## [WORK REQUEST]
The line containing "2021 Cadillac XT5" and every line after it to the end of the records: set those down exactly, without any pictures.

*** TASK INPUT ***

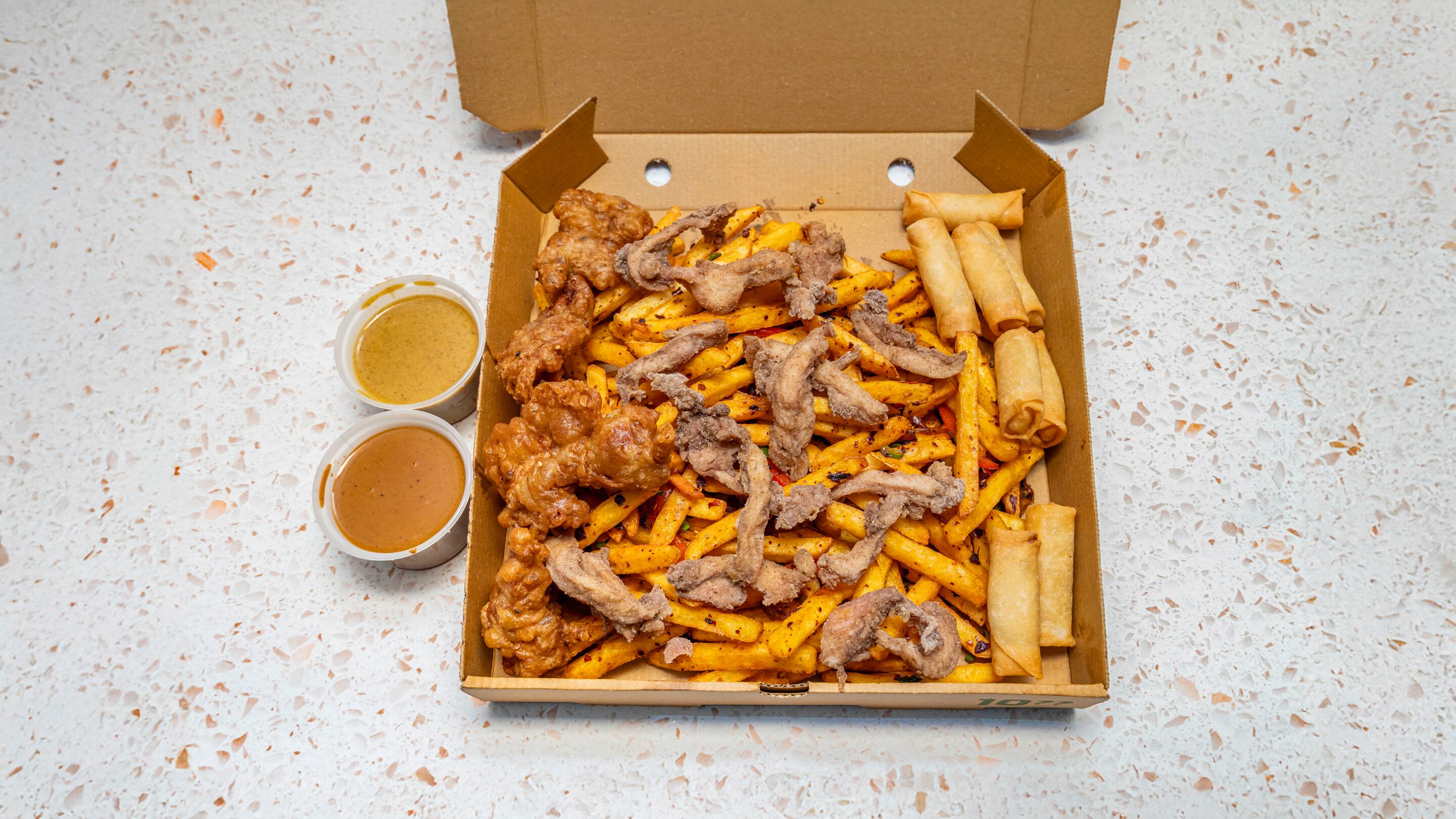 A pizza box full of chips, fried chicken and spring rolls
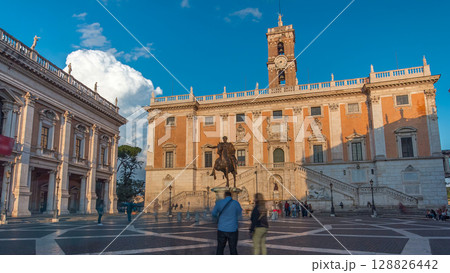 Capitoline hill landmark square timelapse hyperlapse surrounded by neo classic museums buildings with clock tower and bronze statue of Mark Aurelius Capitoline hill landmark square timelapse hyperlapse surrounded by neo classic museums buildings with clock tower and bronze statue of Mark Aurelius 128826442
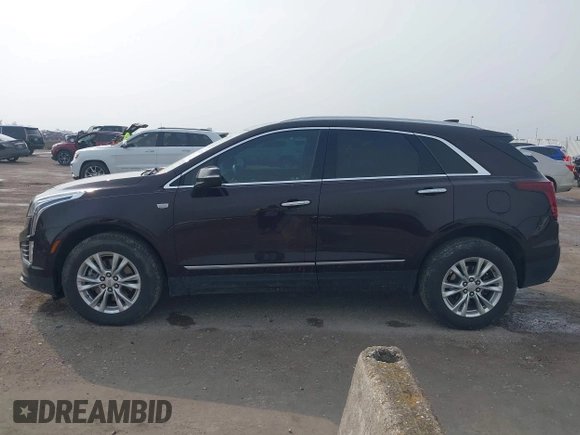 2021 Cadillac XT5 FWD Luxury with VIN 1GYKNAR44MZ184070, listed as a IAAI auction lot 41934265 with 60,596 mi miles and . Bid and sale history available at DreamBid. Image 14.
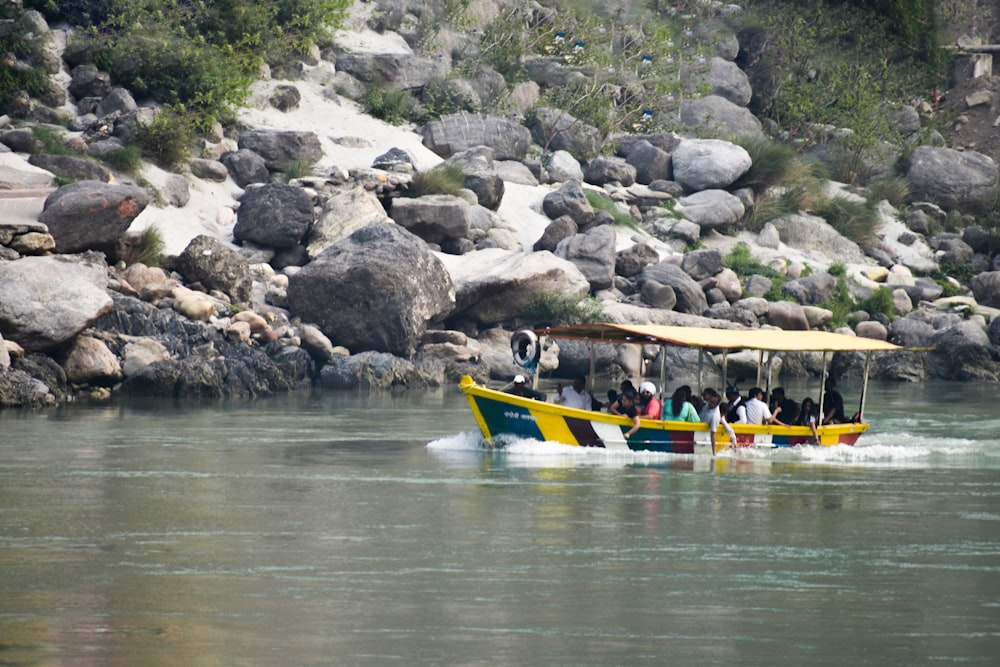 a group of people on a yellow boat in the water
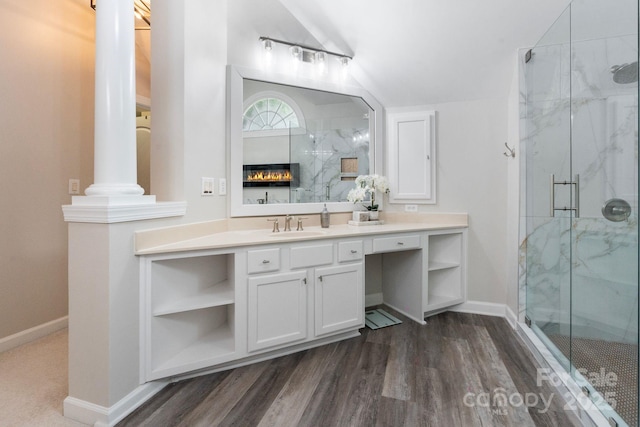 9433 Wallace Pond Dr, Huntersville, NC 28078 - bathroom featuring a marble finish shower, baseboards, vanity, wood finished floors, and lofted ceiling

***

## [ANSWER TO THE PROBLEM]
 2021 Cadillac XT5 FWD Luxury with VIN 1GYKNAR44MZ184070, listed as a IAAI auction lot 41934265 with 60,596 mi miles and . Bid and sale history available at DreamBid. Image 14.
 a group of people on a yellow boat in the water
 9433 Wallace Pond Dr, Huntersville, NC 28078 - bathroom featuring a marble finish shower, baseboards, vanity, wood finished floors, and lofted ceiling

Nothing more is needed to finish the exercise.